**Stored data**

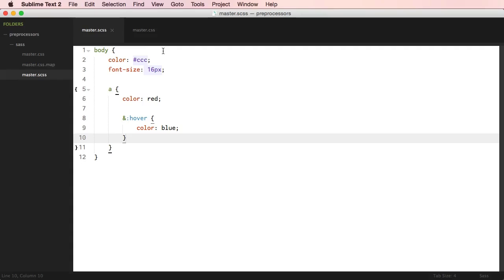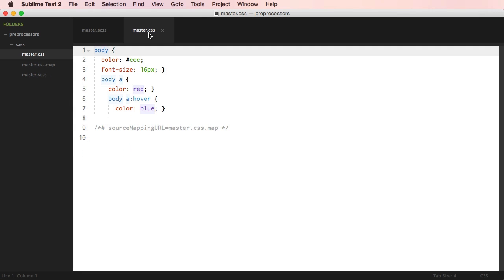A CSS preprocessor is a scripting language that extends CSS. Basically, you write CSS in a slightly different form, then you use specific apps and compile that form into traditional CSS. So you would write this, then compile it and get standard CSS code.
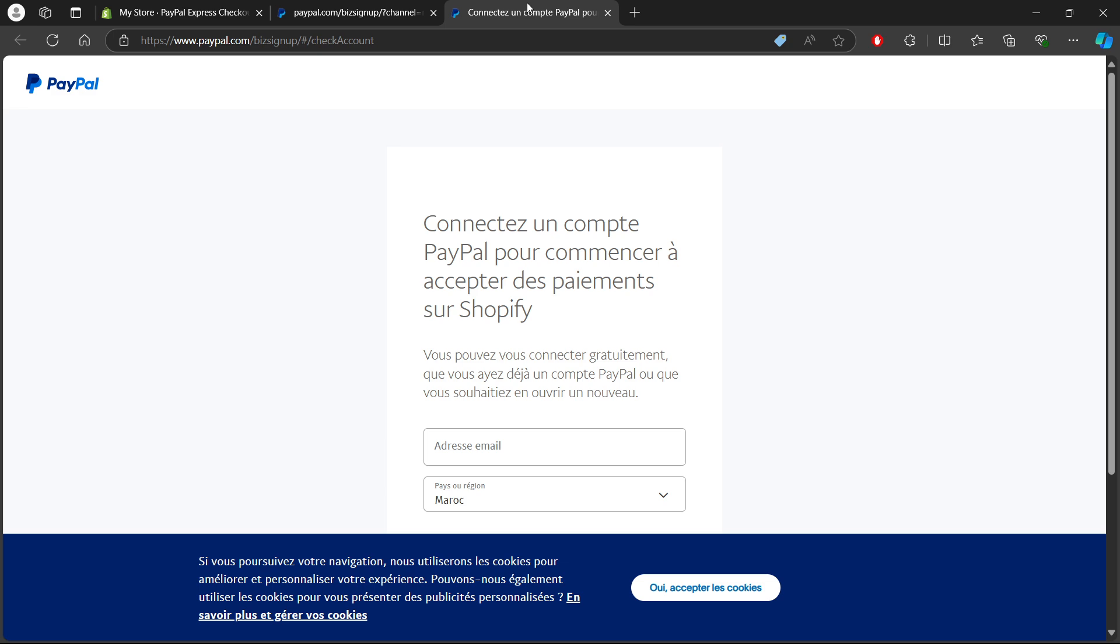Once logged in, PayPal will ask you for permission to connect your account to Shopify. Click Grant Permission and Shopify will automatically link your PayPal account for payments.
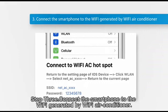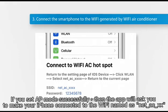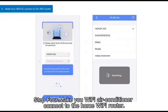Step 3: Connect the smartphone to the Wi-Fi generated by the Wi-Fi air conditioner. If you have set AP mode successfully, the app will ask you to connect your iPhone to the Wi-Fi network named 'netacxx'.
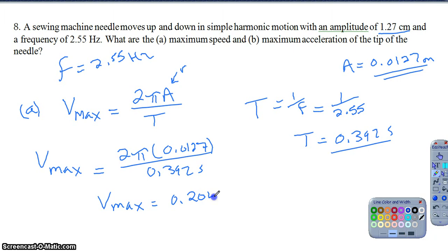So the maximum velocity is about 0.204 meters per second. This is one of the trickier relationships to work with, but we need to be comfortable with it. I'll stop question 8 at part A here and pick up with part B in the next segment, since I'm running short on time.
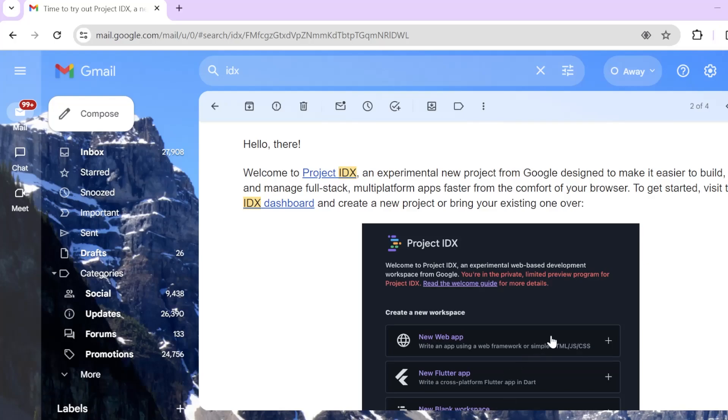Hey everyone, how you guys doing? So in this video, we'll be taking a look at Project IDX.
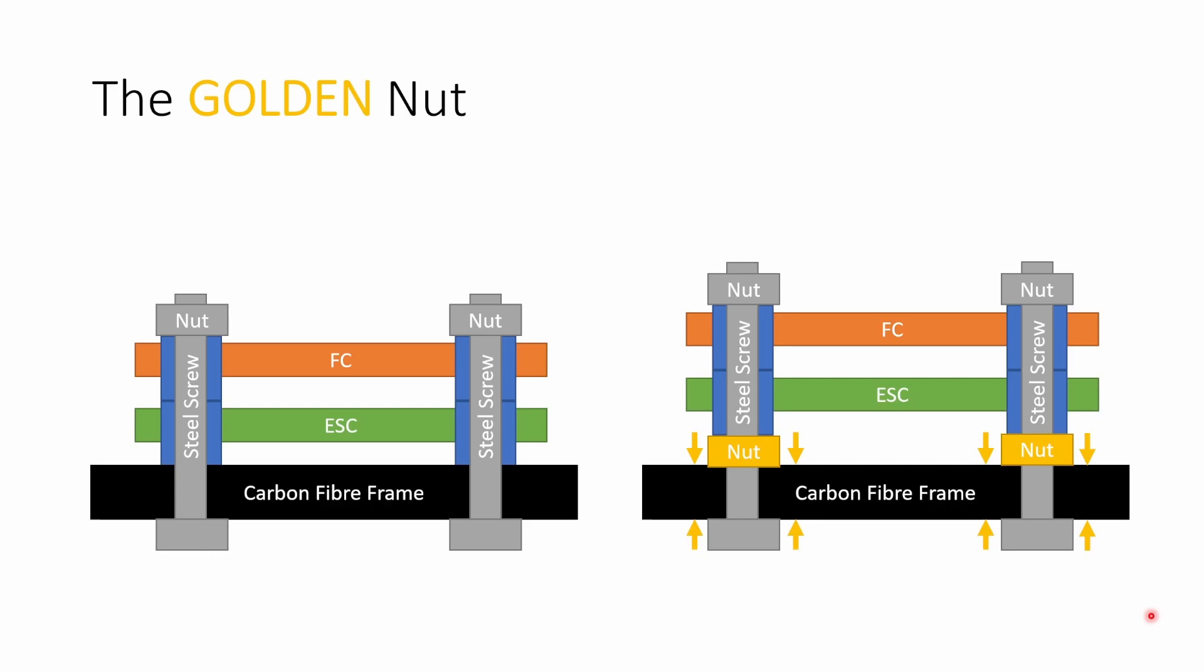Today we're going to be looking at logs that were taken on exactly the same quad in back-to-back flights and there's only one difference between the stack mounting on both quads and that's the addition of this golden nut.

**Task statement**
With the pictures omitted, set down each line exactly, starting at the first line of the records above and ending with the line that contains "Step 3: Connect".

**Result**
A CSS preprocessor is a scripting language that extends CSS. Basically, you write CSS in a slightly different form, then you use specific apps and compile that form into traditional CSS. So you would write this, then compile it and get standard CSS code.
Once logged in, PayPal will ask you for permission to connect your account to Shopify. Click Grant Permission and Shopify will automatically link your PayPal account for payments.
Step 3: Connect the smartphone to the Wi-Fi generated by the Wi-Fi air conditioner. If you have set AP mode successfully, the app will ask you to connect your iPhone to the Wi-Fi network named 'netacxx'.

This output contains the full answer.